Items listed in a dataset
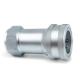 cb sp 10f tg iso 7241 a hydraulic quick coupling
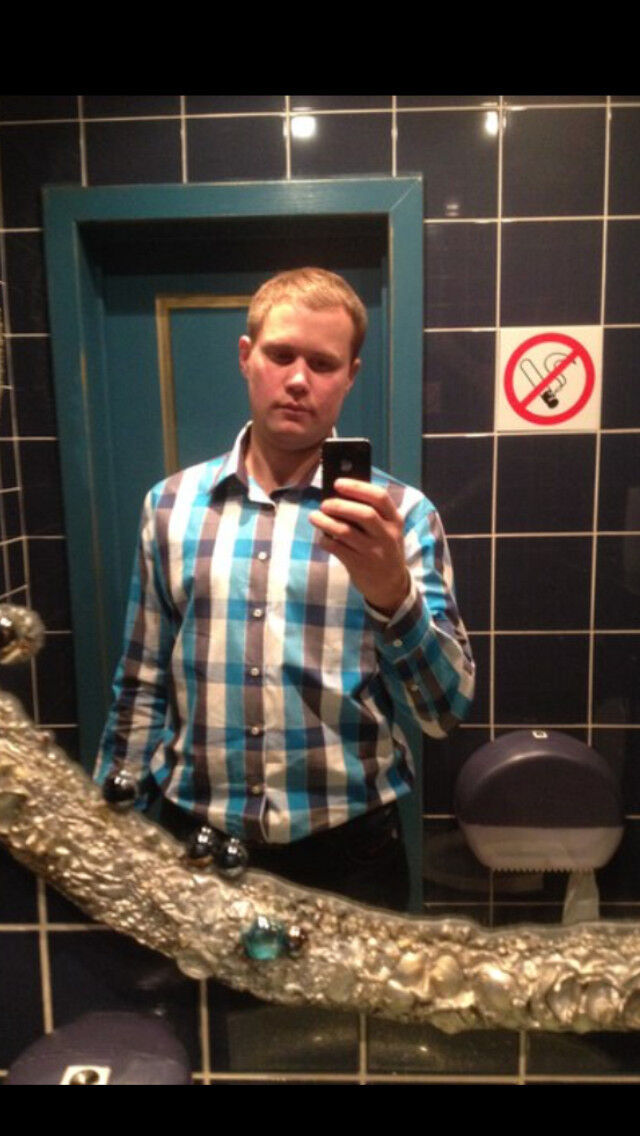 ���� 12059410 ������� ������, 42 ����, ���� ���������� � ������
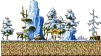 Cold Forest 2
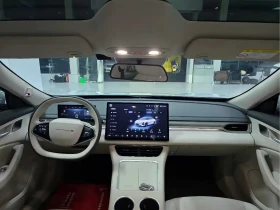 DONGFENG S7 555 Luxury Edition | Auto.bg — изображение 5 DONGFENG S7 555 Luxury Edition | Auto.bg — изображение 5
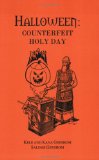 Halloween: Counterfeit Holy Day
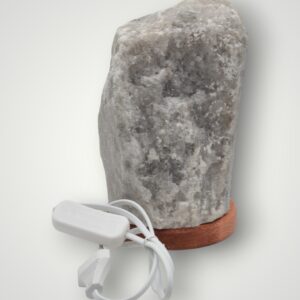 LAMPA DE SARE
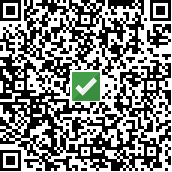 Healthcare Providers Similar to 1386080356 NPI Number | NPI Registry | www.DataLabs.Health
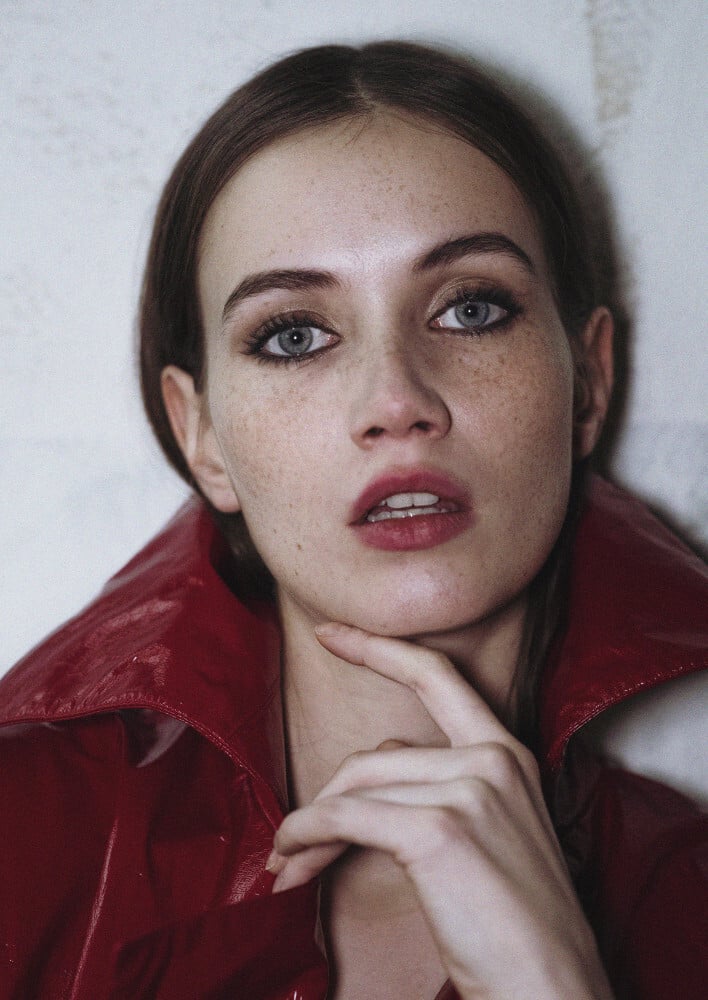 Hanna Koczewska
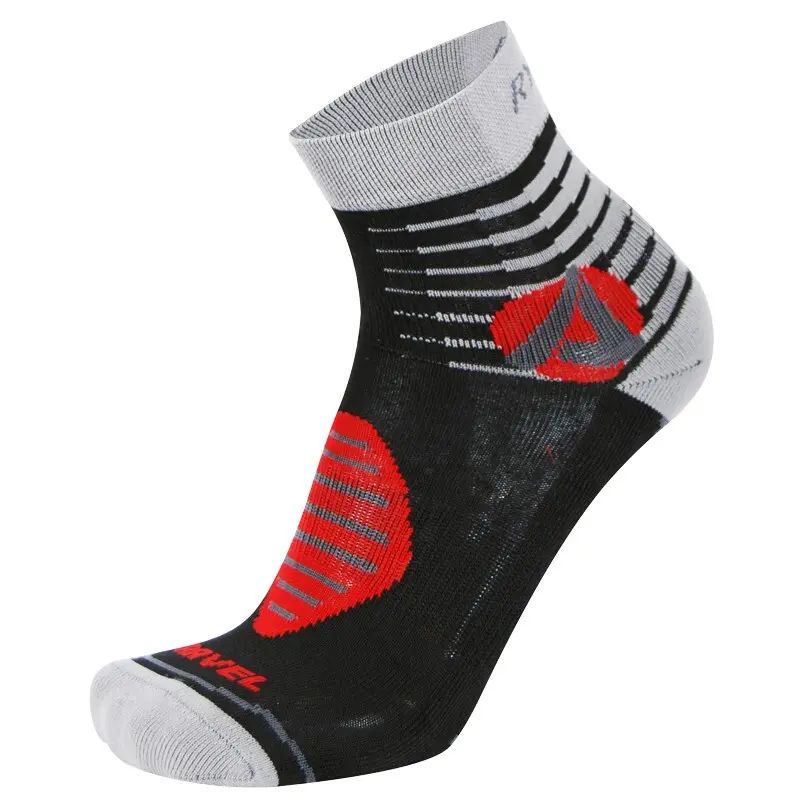 Paire de chaussettes enfant Rywan Travel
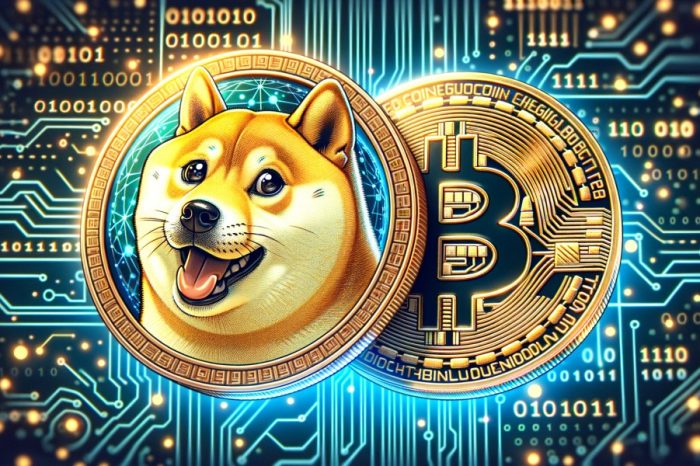 Dogecoin (DOGE) Price Prediction After Bitcoin Halving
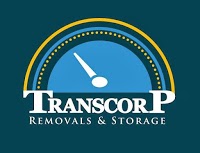 Transcorp Melbourne Removalists 869942 Image 9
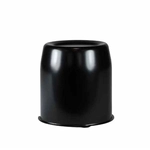 Order CECO - EX113B - Wheel Hub Cover For Your Vehicle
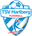 TSV Hartberg logo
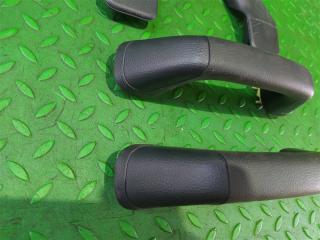 Ручка в салоне TOYOTA LAND CRUISER VJA300 V35A-FTS 4 ракурс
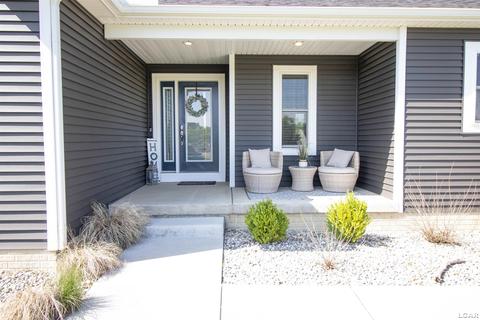 1158 Scott, Adrian, MI 49221 photo 9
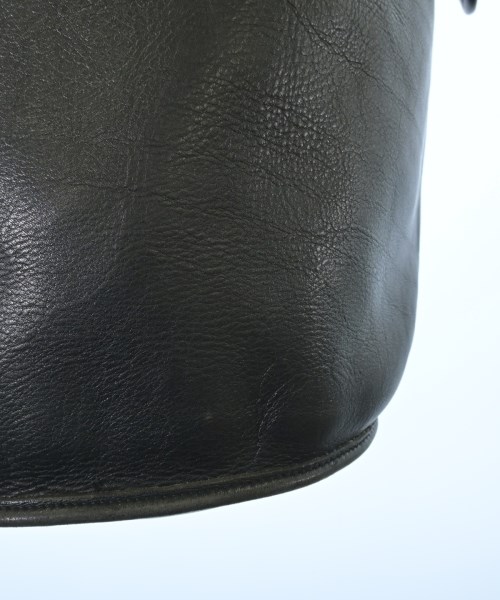 COACH（コーチ）トートバッグ 黒 サイズ:- レディース/2200723375111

- [Task prompt]:
Apart from its pictures, the data is to be repeated exactly.

- [Written solution]:
 cb sp 10f tg iso 7241 a hydraulic quick coupling
 ���� 12059410 ������� ������, 42 ����, ���� ���������� � ������
 Cold Forest 2
 DONGFENG S7 555 Luxury Edition | Auto.bg — изображение 5 DONGFENG S7 555 Luxury Edition | Auto.bg — изображение 5
 Halloween: Counterfeit Holy Day
 LAMPA DE SARE
 Healthcare Providers Similar to 1386080356 NPI Number | NPI Registry | www.DataLabs.Health
 Hanna Koczewska
 Paire de chaussettes enfant Rywan Travel
 Dogecoin (DOGE) Price Prediction After Bitcoin Halving
 Transcorp Melbourne Removalists 869942 Image 9
 Order CECO - EX113B - Wheel Hub Cover For Your Vehicle
 TSV Hartberg logo
 Ручка в салоне TOYOTA LAND CRUISER VJA300 V35A-FTS 4 ракурс
 1158 Scott, Adrian, MI 49221 photo 9
 COACH（コーチ）トートバッグ 黒 サイズ:- レディース/2200723375111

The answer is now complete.